YOUR INSTRUCTIONS: The answer is every line in the data below that contains the word "teóricos".

EXCERPTED RECORDS:
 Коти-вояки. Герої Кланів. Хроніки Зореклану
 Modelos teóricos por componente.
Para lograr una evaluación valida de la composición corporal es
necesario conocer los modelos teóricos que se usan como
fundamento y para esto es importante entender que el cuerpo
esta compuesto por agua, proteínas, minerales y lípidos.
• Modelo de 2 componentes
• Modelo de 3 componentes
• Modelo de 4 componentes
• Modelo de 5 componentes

--

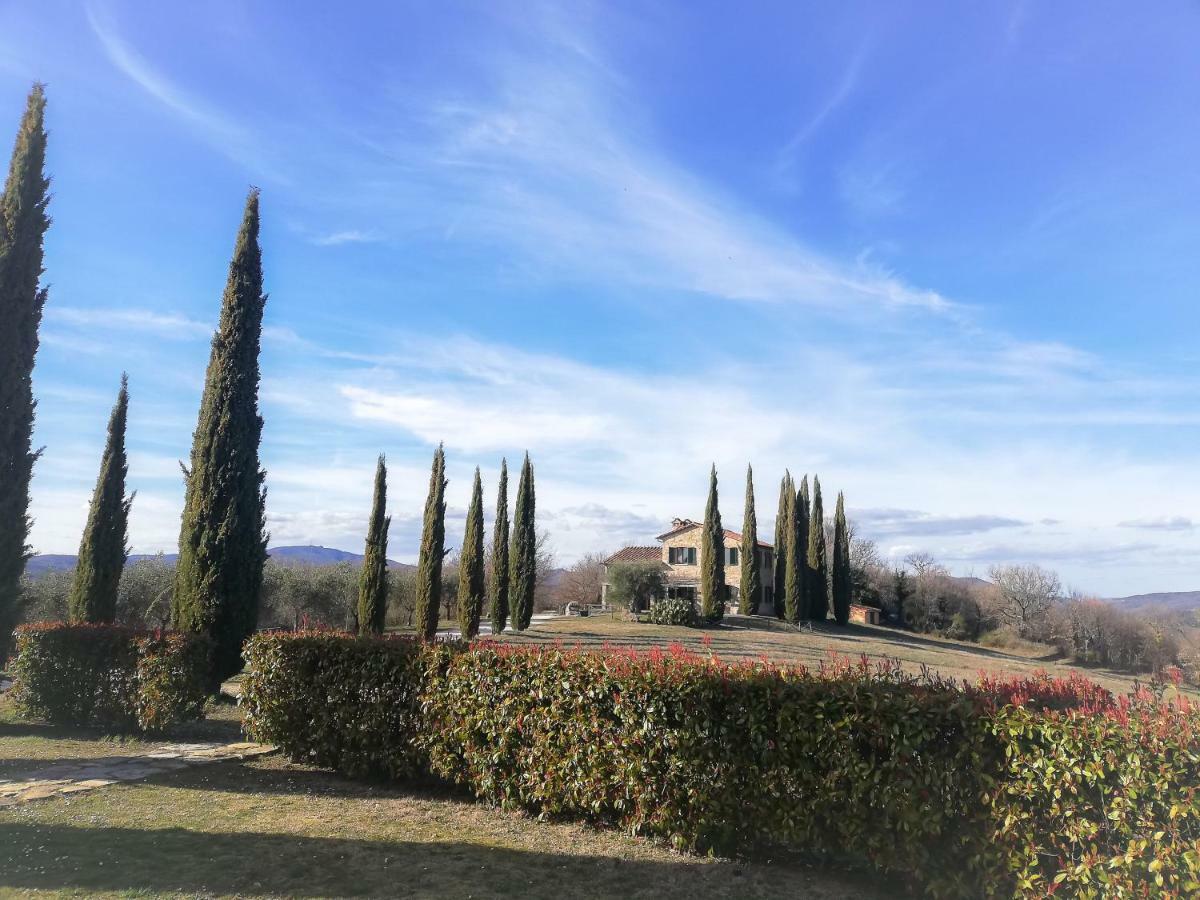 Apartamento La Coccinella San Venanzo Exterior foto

==

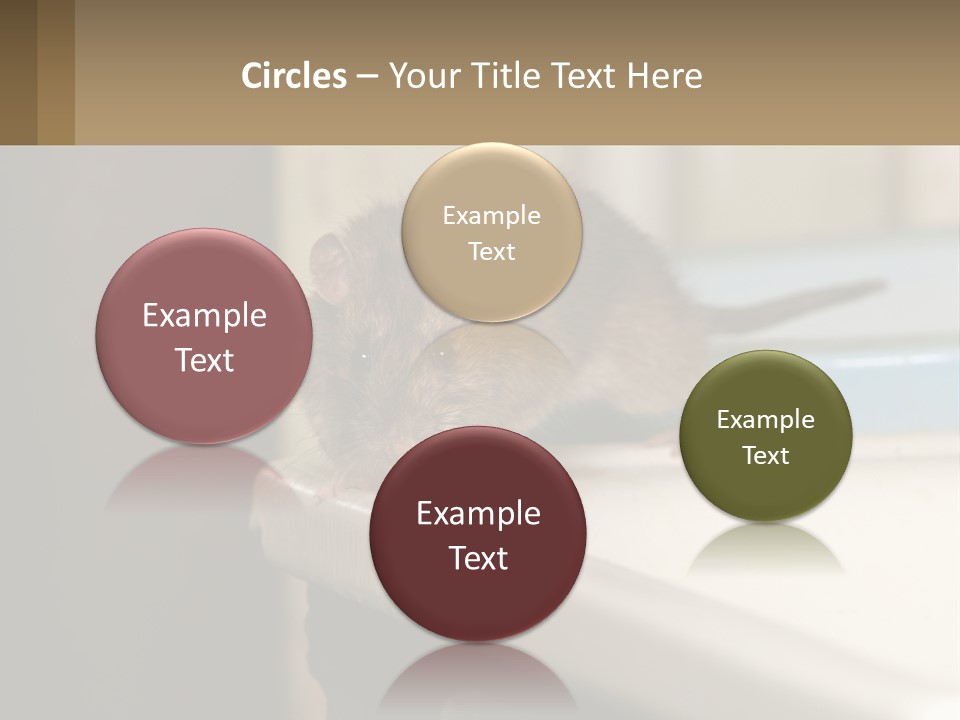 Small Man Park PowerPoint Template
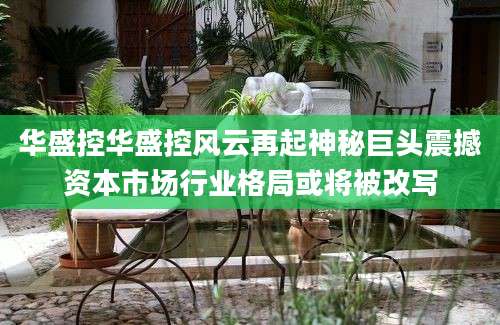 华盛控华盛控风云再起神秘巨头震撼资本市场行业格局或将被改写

EXERCISE SOLUTION:
 Modelos teóricos por componente.
necesario conocer los modelos teóricos que se usan como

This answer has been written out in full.